The Bengals eventually extend it out through four rounds before the draft, writing the names in marker on a grease board, and then fill in the rest as the draft unfolds. After each position coach and area scout speaks and the others add their own insights, Brown usually steers them to a consensus for the overall ranking.

The differences the past five years? Tobin has a bigger presence in the draft room, there is more cross-checking, and for the most part they have steadfastly held to the grades and not been swayed by the depth chart. Four people have written reports on Bernard and Lewis and Gruden have also watched film of him extensively.

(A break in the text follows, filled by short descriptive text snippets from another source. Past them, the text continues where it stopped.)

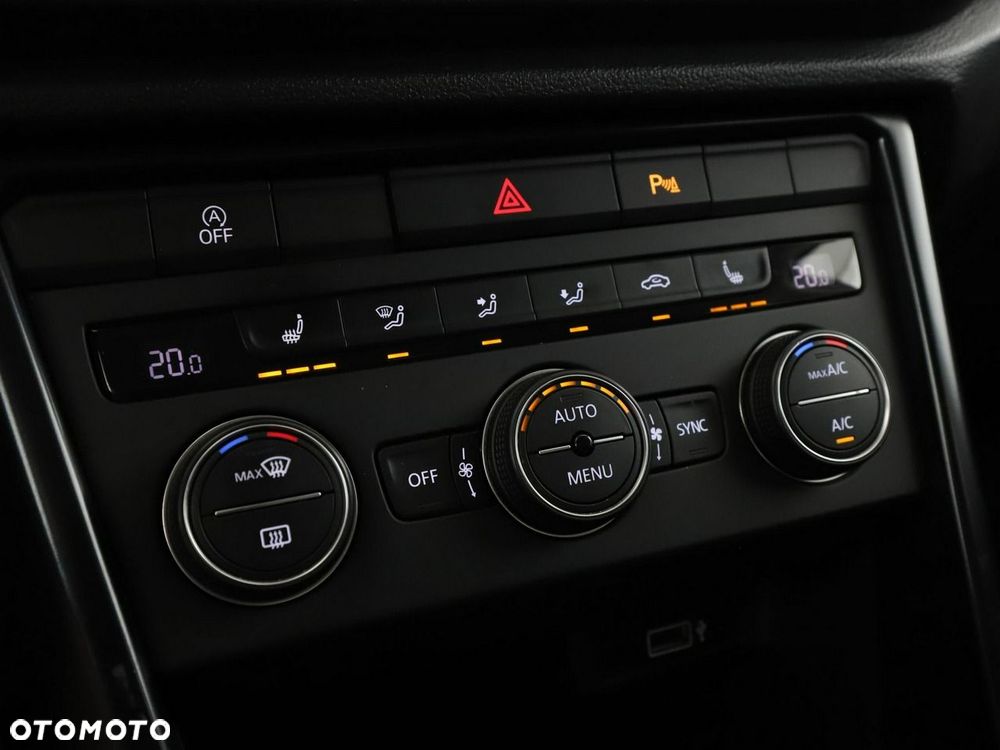 Volkswagen T-Roc 1.0 TSI - 29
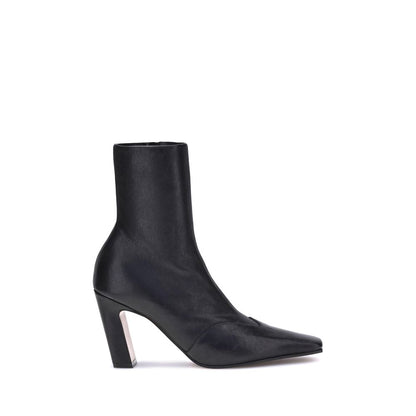 Khaite Schwarze Ankle Boots aus Kalbsleder Bos Taurus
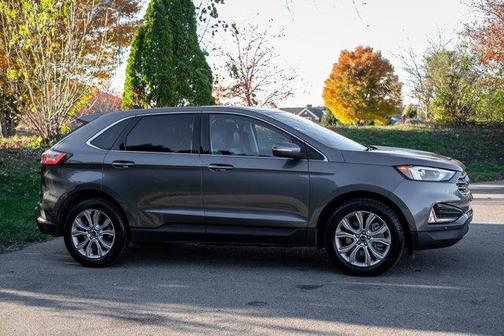 2022 Ford Edge Titanium
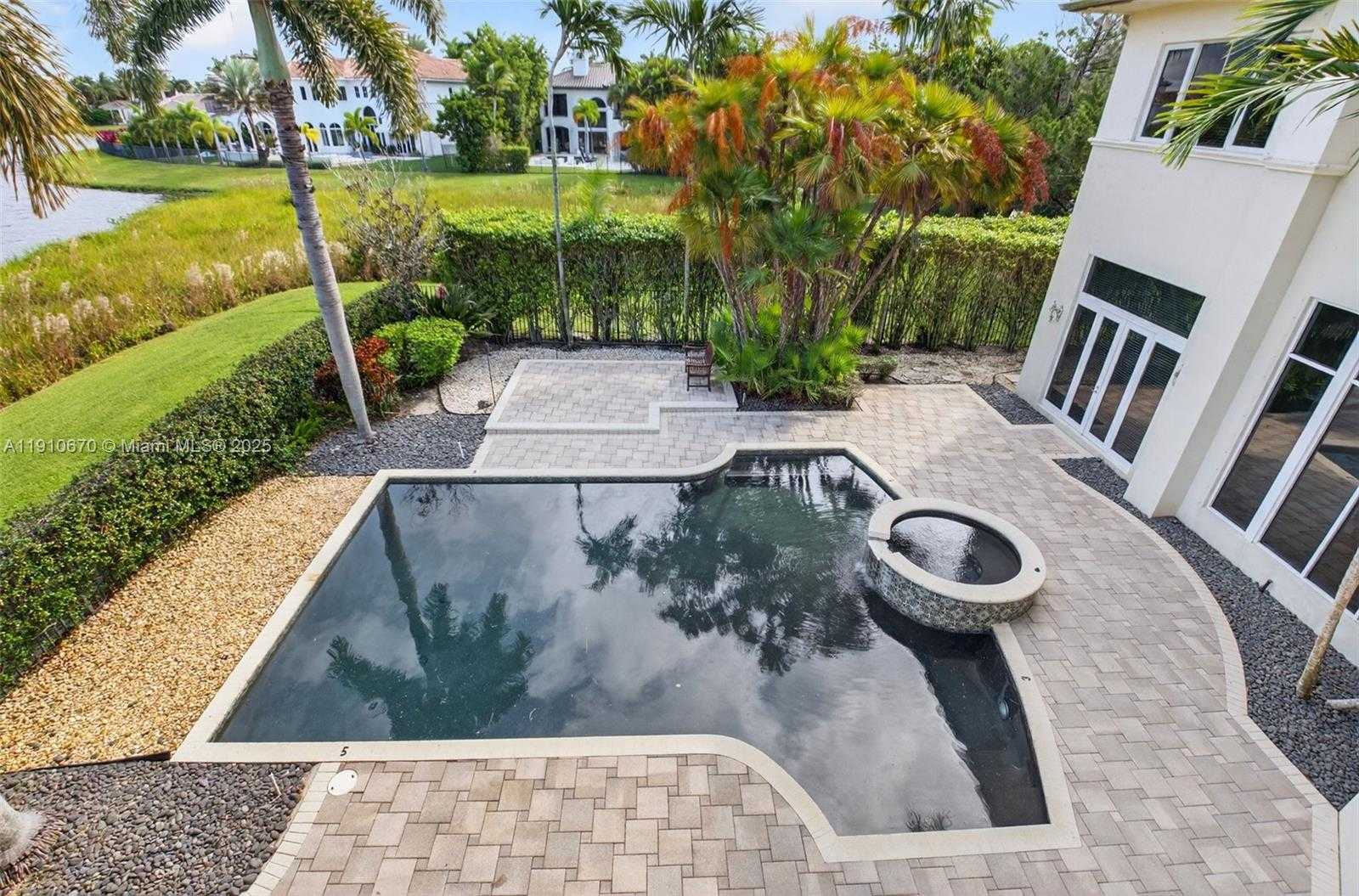 Small Image of 9597 BRIDGEBROOK DR, Boca Raton Number 58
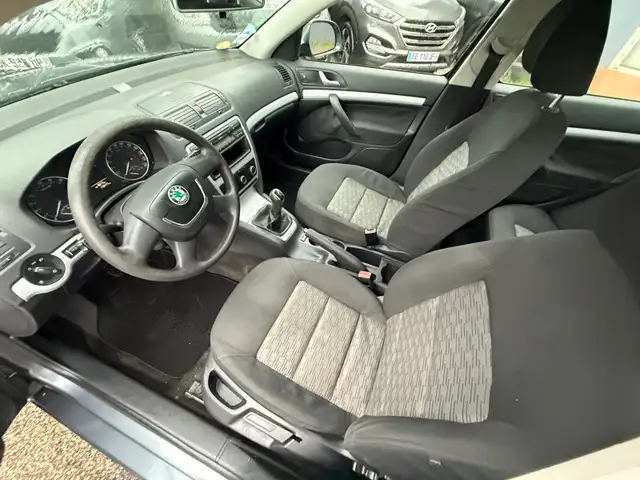 Skoda Octavia view 6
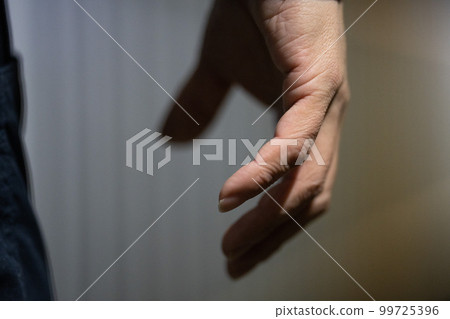 從後面看到的可疑男性手 99725396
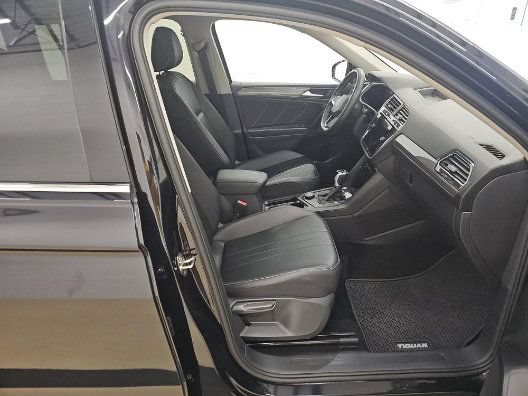 Used 2023 Volkswagen Tiguan SE w/ Panoramic Sunroof Package AWD/4WD video 2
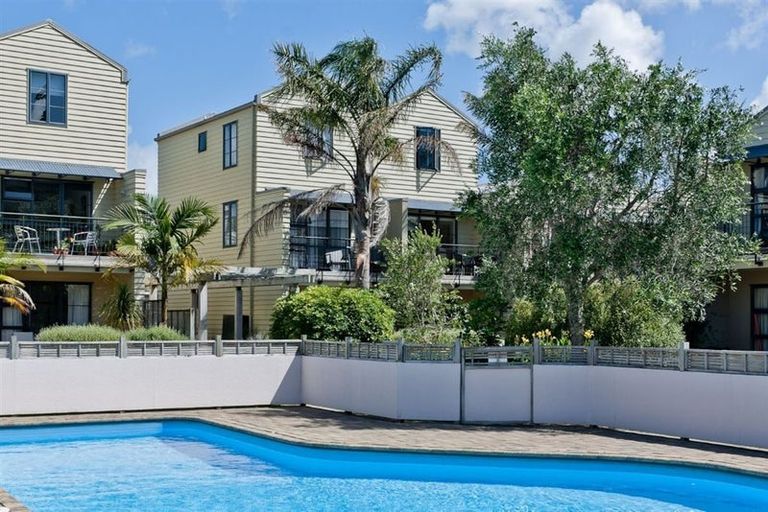 Photo of property in 17/5 Carolina Place, Albany, Auckland, 0632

Lewis continues to also have big presence in the process as a guy that Brown continually confers with in the days leading up to the draft, as well as during the picks. Lewis' ability to deal with young players has also been a factor in the success of the last five drafts.

"We like guys that fit and guys that everybody feels good about," Tobin says. "We want the guy walking in to have the best chance. And if somebody is dead set against a guy, we try to resolve the issue and if we can't resolve the issue, we'll go a different direction. Mike has been great at managing different opinions and trying to find a consensus."

 But as Tobin says, Bernard is an easy pick. After Seamon's conversation with Shoop three years before, all they've been able to uncover is gold about Bernard and the talent, character and fit in the offense is reflected in his final grade.

The 11th overall player on the Bengals board.

After all, who sends thank you notes?


It is Saturday, the draft is heading into the fifth round, and the room is feeling pretty good. On Thursday night, the Bengals are stunned that their No. 6 player, Notre Dame tight end Tyler Eifert, is there at No. 21 and even though they have Pro Bowl tight end Jermaine Gresham, they gratefully make the pick quickly.

Then on Friday night they make Bernard the first running back taken in another no-brainer. They sign right tackle Andre Smith minutes before the pick, but that had no bearing on the Bernard choice. Not with the Bengals grade. This pick was Bernard all the way. Then, they get their 21st ranked player, SMU defensive end Margus Hunt with the 53rd pick at the bottom of the second. That might have been impacted by the Smith deal, but they get three of their top 21 players. That makes them all easy picks.

"There are some years the picks are harder. They all disappear and the fit might not be perfect and the player might not be perfect," Tobin says. "We've been fortunate to have some drafts where guys that have been our focus have been there. Some of that is luck and some of it is analysis of what teams do and the likelihood of the guy lasting to us. We had a high second-round pick and that was part of the strategy. We had a number of guys we liked. We weren't holding our breath for one guy. We liked this one the best.

"Some drafts are harder than others. You can get disappointed, then you have to re-focus, Tobin says. "As long as you stay true to the talent level. There's always another guy you have a good grade that you can go to."

Bernard stands in the doorway of the draft room Saturday. He gives a salute and "Thank you," and when he walks over to Brown to shake his hand, Brown says, "Thank you for your note."

"Thank you for the pick," Bernard says.


Seamon is back in Chapel Hill a few weeks ago for the North Carolina pro day. Suddenly he hears someone running up behind him and now he's getting hugged. He turns around and it is Bernard.

He tells Seamon he's here because it is his class that is working out today for its big shot and he wanted to be here to support the guys that he came in with four years ago.

"He didn't have to get on a plane and fly to North Carolina just to be there on that day to lend moral support," Seamon says. "He's a good one. Good guy on and off the field. Bright future."